Scraped caption text data:

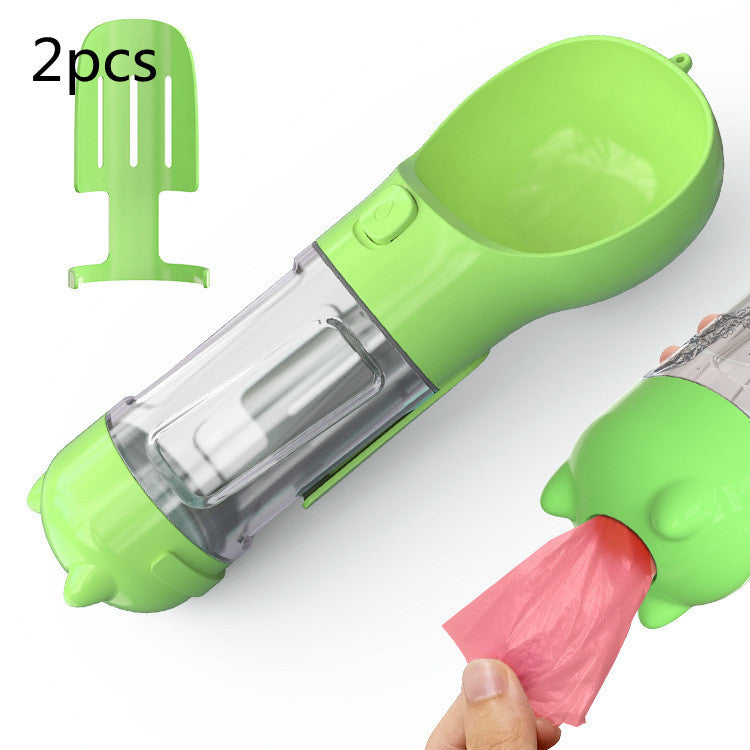 Portable green pet water bottle with built-in feeder bowl and garbage bag storage, ideal for outdoor travel.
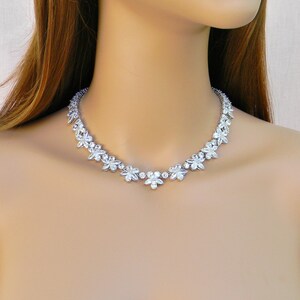 May include: A silver necklace with a delicate design of small, clear rhinestones arranged in a floral pattern. The necklace is worn on a model with brown hair.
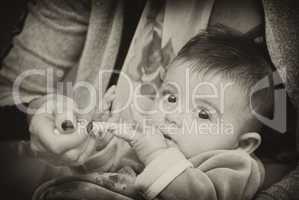 Baby Girl eating with her Mother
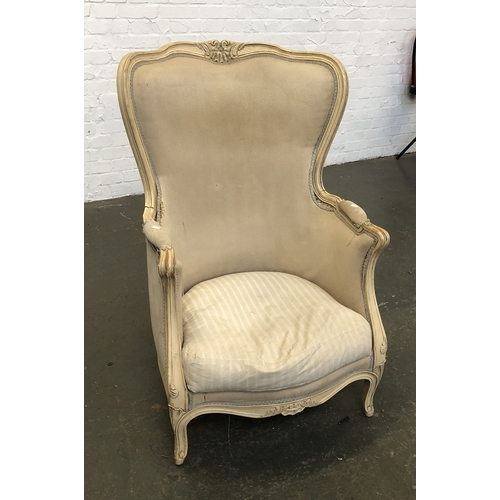 823 - A continental cream painted barrel back armchair with carved frame, feather filled squab cushion, 69... 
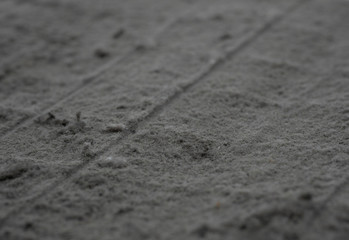 A sheet of panel filter of air condition with a lot of dust on white background.Dirty filter make more waste power consumption and It is accumulation of germs. Focus at center.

PROBLEM DESCRIPTION:
Could you set down every record above word for word, leaving out the pictures?

RESPONSE BELOW:
 Portable green pet water bottle with built-in feeder bowl and garbage bag storage, ideal for outdoor travel.
 May include: A silver necklace with a delicate design of small, clear rhinestones arranged in a floral pattern. The necklace is worn on a model with brown hair.
 Baby Girl eating with her Mother
 823 - A continental cream painted barrel back armchair with carved frame, feather filled squab cushion, 69... 
 A sheet of panel filter of air condition with a lot of dust on white background.Dirty filter make more waste power consumption and It is accumulation of germs. Focus at center.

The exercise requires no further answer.